If gravity determines the speed of free falling objects, but stellar core collapses happen much faster than the speed of free falling objects, wouldn't that indicate that stellar core collapses are caused by something other than, or in addition to, gravity? Sorry, I'd like to amend question to ask if the speed at which collapsing matter is pulled to the core of a collapsing star is equal to the speed of free falling matter for a star that size?
2 Answers
Core collapse does occur on roughly a free fall timescale.
The free fall timescale is of order $(G\rho)^{-1/2}$, where $\rho$ is the density. Since the density is of order $10^{11-12}$ kg/m$^3$ in the electron-degenerate core at the point of collapse, this timescale is a second or less.
Since density increases inwards, the collapse timescale is shorter near the centre. Thus the collapse occurs inside-out.
The speed of collapse is of order the size of the core (a few thousand km) divided by the freefall timescale, so of order $10^4$ km/s.
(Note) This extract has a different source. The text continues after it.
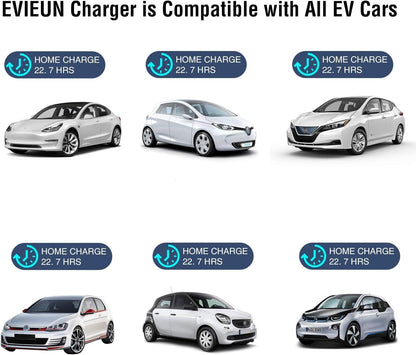 EV Oplader Type 2 3,6kW 7M 1-fase | Schakelbaar 6A-16A | Type 2 Laadkabel Schuko Compatibel met O.a. ID.3/ID.4, Model 3/Y, ZOE, e-208, Spring en Andere Elektrische Auto's en PHEV's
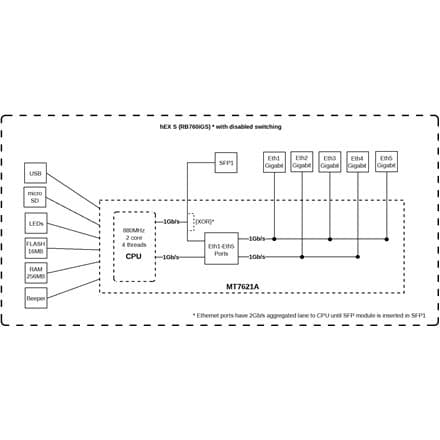 Mikrotik Wired Ethernet Router RB760iGS, hEX S, Dual Core 880MHz CPU, 256MB RAM, 16 MB (MicroSD), 5xGigabit LAN, 1xSFP, USB, IPsec hardware encryption Sort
The core has a mass of $\sim 1$ solar mass, so the gravitational acceleration is of order $GM/r^2\sim 10^4$ km/s$^2$. i.e. the whole core accelerates to speeds of $10^4$ km/s in a second. This is the acceleration at the "edge" of the core at the beginning of the collapse; it will be higher towards the centre where the densities are larger and will increase as the collapse progresses because the same mass will be enclosed within a decreasing volume of smaller radius.
- 141,325
Core collapse speeds cannot in any case exceed the speed of light. Information about the collapse is transmitted between different portions of the core at the speed of sound within the core material. This is fast, but not c.